**What is needed**
Write out each line of the material exactly as given, and drop the images.

**Information shown**
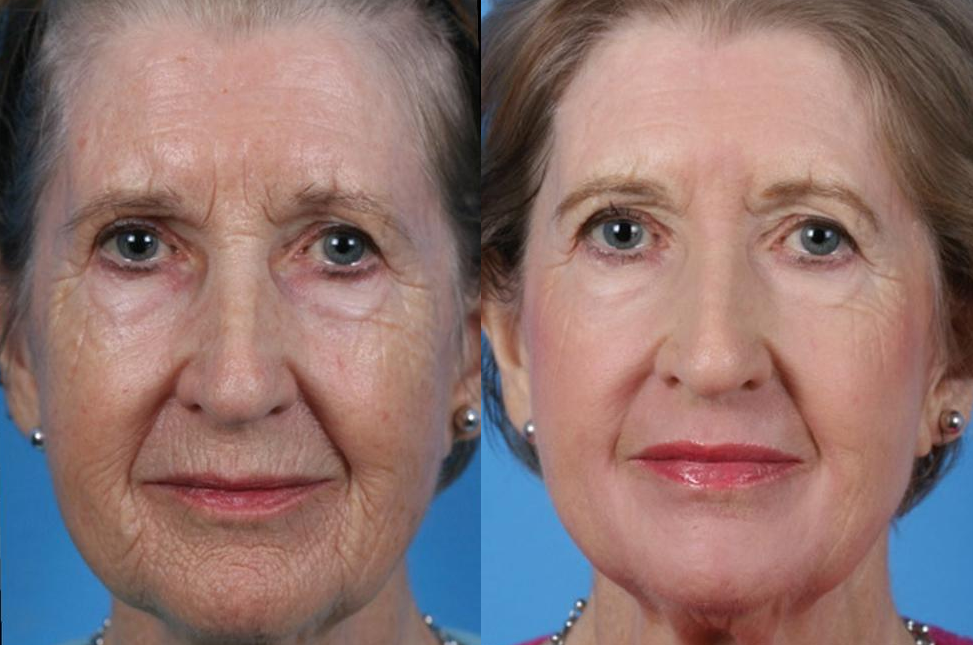 Before and After Photo: Skin Resurfacing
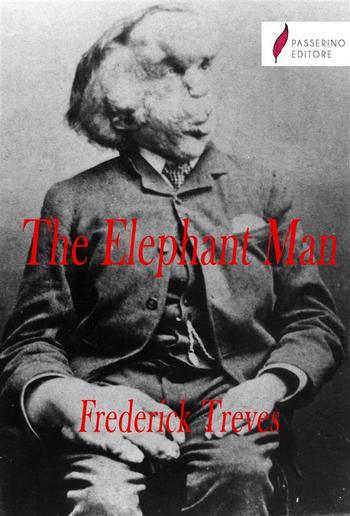 The Elephant Man PDF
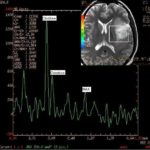 Magnetic resonance (MR) spectroscopy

**Output for this task**
 Before and After Photo: Skin Resurfacing
 The Elephant Man PDF
 Magnetic resonance (MR) spectroscopy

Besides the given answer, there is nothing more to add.